Y luego está la revisión del despido improcedente. Una figura ya bastante descafeinada desde la reforma de 2012, pero que el Ministerio quiere revisar para devolverle fuerza disuasoria. La lógica es comprensible: evitar que el despido se banalice, que se convierta en una herramienta de ajuste fácil. Pero en un contexto económico donde la contratación sigue siendo una apuesta con riesgo, donde las condiciones cambian cada mes, y donde se reclama simultáneamente estabilidad y flexibilidad, lo que puede parecer un refuerzo del derecho al trabajo también puede percibirse como una señal de alerta para quien contrata. Si despedir vuelve a ser más incierto o más costoso, si vuelve el miedo a equivocarse con una contratación, si la burocracia se multiplica, muchos optarán por no dar el paso. Y eso, en última instancia, tampoco beneficia al mercado laboral.

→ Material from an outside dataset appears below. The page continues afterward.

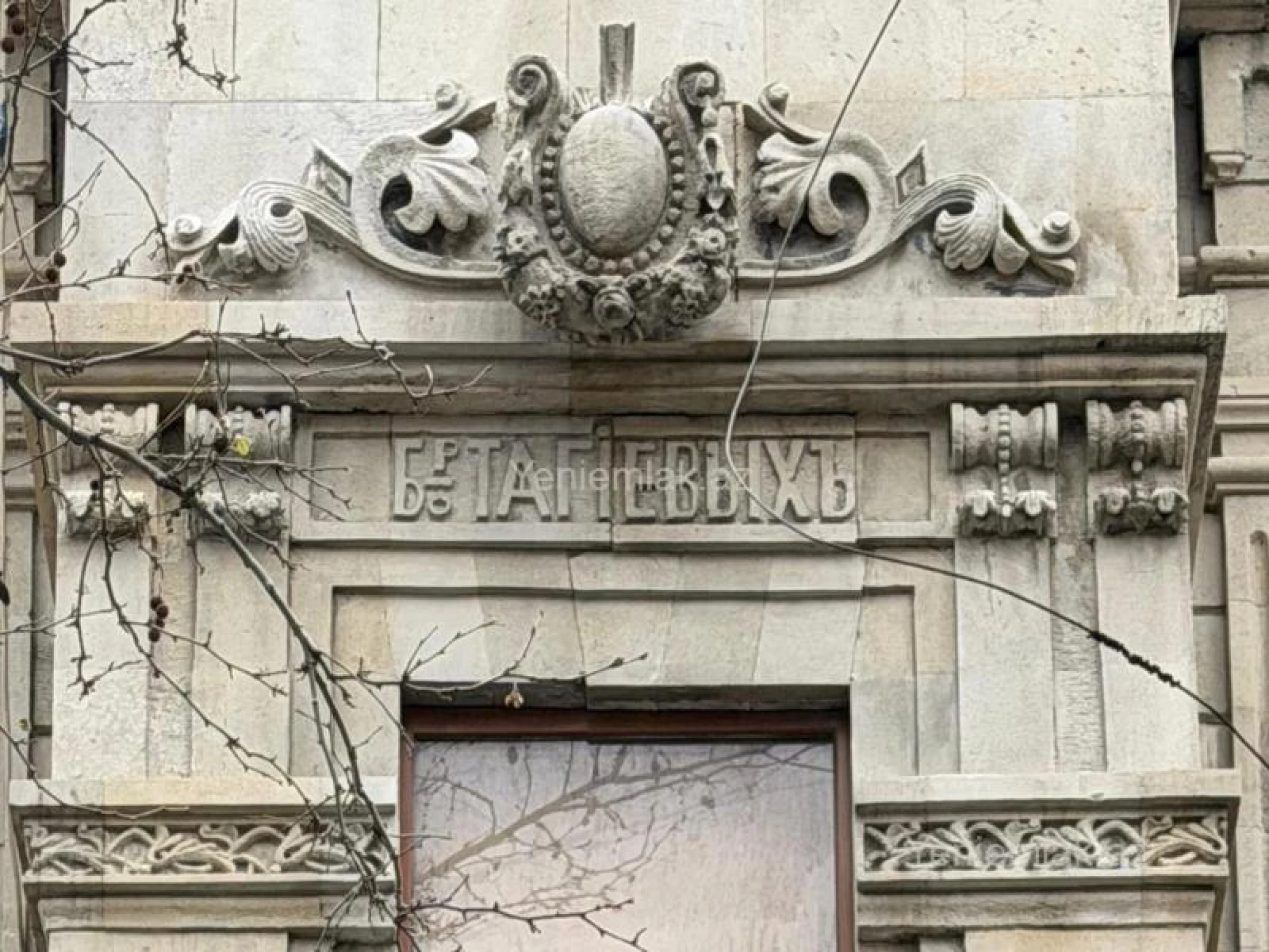 Satılır 7 otaqlı köhnə tikili 450 m²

Esta es, en realidad, la gran paradoja que vive hoy la pequeña empresa. Se le exige más que nunca: cumplimiento normativo, transformación digital, sostenibilidad, perspectiva de género, control horario, formación, protocolos, registros, protección de datos, prevención de riesgos, responsabilidad social. Y todo eso con estructuras mínimas, con una persona para todo, con un gestor administrativo que hace malabares, con una asesoría que ya no da abasto. Y, sin embargo, cuando se habla de regulación o inspección, parece que todos los empleadores son iguales, que una pyme y una multinacional operan con los mismos recursos, las mismas herramientas, las mismas condiciones.

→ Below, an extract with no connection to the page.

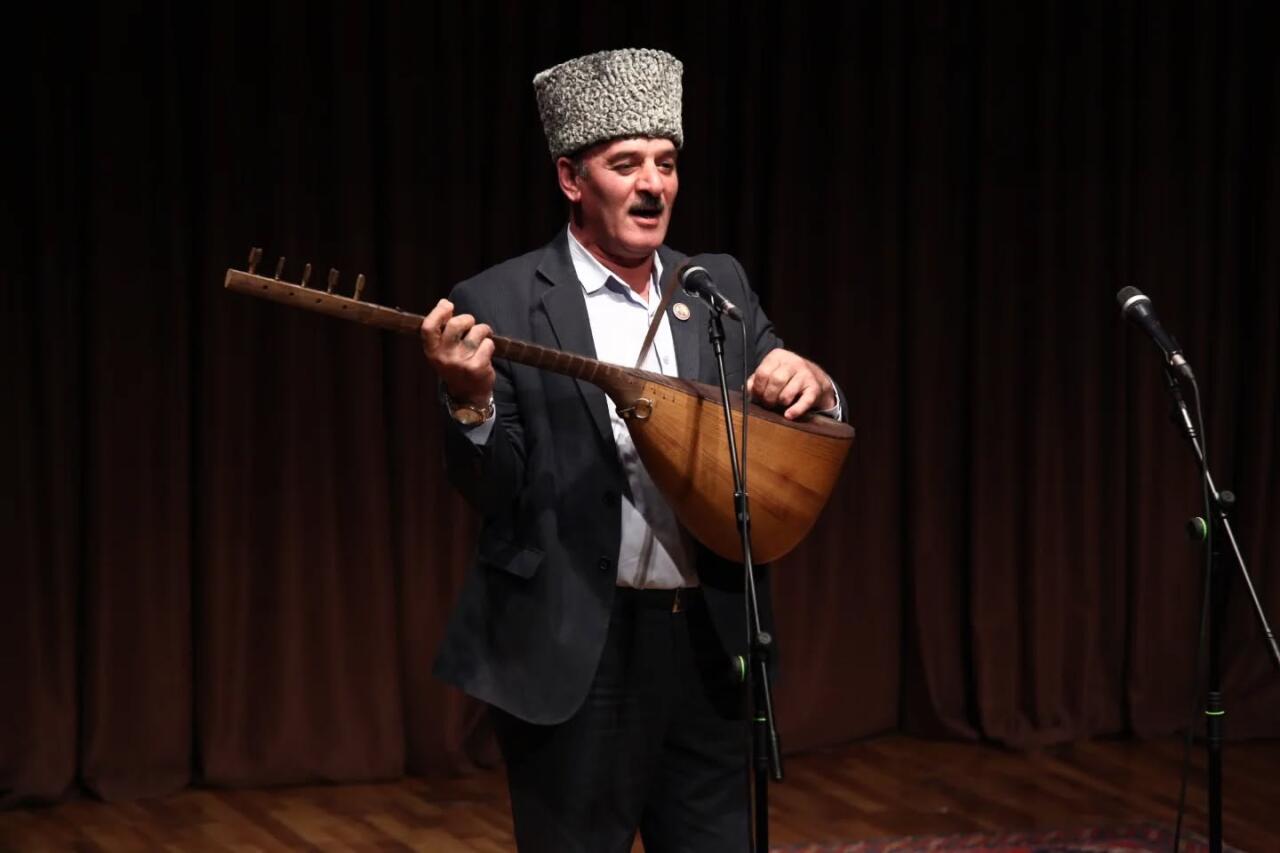 Поэзия Ашуга Алескера - это сама жизнь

Por eso este tipo de anuncios —aunque técnicamente razonables— generan inquietud. Porque no vienen acompañados de planes de apoyo, ni de recursos para cumplir mejor, ni de un marco gradual de adaptación. Y porque muchas veces, cuando llega la inspección o la sanción, ya es tarde para explicaciones: no sirve de mucho decir que no hubo mala fe, sino falta de medios o de conocimiento. La responsabilidad se presume, y la desproporción entre lo exigido y lo posible se traduce en frustración.

Deberíamos avanzar hacia un modelo que combine exigencia con apoyo, control con acompañamiento, legalidad con sentido común

Esto no significa que no haya que perseguir los abusos, ni que debamos tolerar incumplimientos. Pero sí que deberíamos avanzar hacia un modelo que combine exigencia con apoyo, control con acompañamiento, legalidad con sentido común. Las pequeñas empresas necesitan saber qué tienen que hacer, pero también cómo hacerlo, con qué herramientas, con qué ayuda. Necesitan sentirse parte de una economía moderna, sí, pero también comprendidas en su fragilidad, en su esfuerzo diario, en su rol esencial como generadoras de empleo, de cercanía, de comunidad.

Porque cuando el marco normativo se vuelve demasiado exigente, demasiado incierto o punitivo, el resultado no es más justicia laboral, sino más miedo. Miedo a contratar, miedo a crecer, miedo a innovar. Y ese miedo no lo recoge ningún boletín estadístico, pero se palpa en cada conversación con un pequeño empresario que, sin decirlo del todo, empieza a pensar que quizá ya no compensa.

Ha llegado el momento de que el Ministerio de Trabajo mire más de cerca a las pequeñas y medianas empresas no solo como posibles sujetos fiscalizables, sino como aliadas imprescindibles para construir un mercado laboral más justo y sostenible

Por todo ello, quizá ha llegado el momento de que el Ministerio de Trabajo mire más de cerca a las pequeñas y medianas empresas no solo como posibles sujetos fiscalizables, sino como aliadas imprescindibles para construir un mercado laboral más justo y sostenible. Las normas son necesarias, las inspecciones también, pero para que el cumplimiento sea real y generalizado, debe ir acompañado de apoyo, formación, simplificación y diálogo. Porque cumplir la ley no debería ser una carga desproporcionada ni una fuente constante de incertidumbre, sino una meta compartida. Si de verdad queremos un tejido empresarial comprometido con el empleo de calidad, empecemos por construir también un marco regulatorio que les permita, sencillamente, cumplir sin ahogarse en el intento.

Pasaba por ahí. Y lo escuché más de una vez.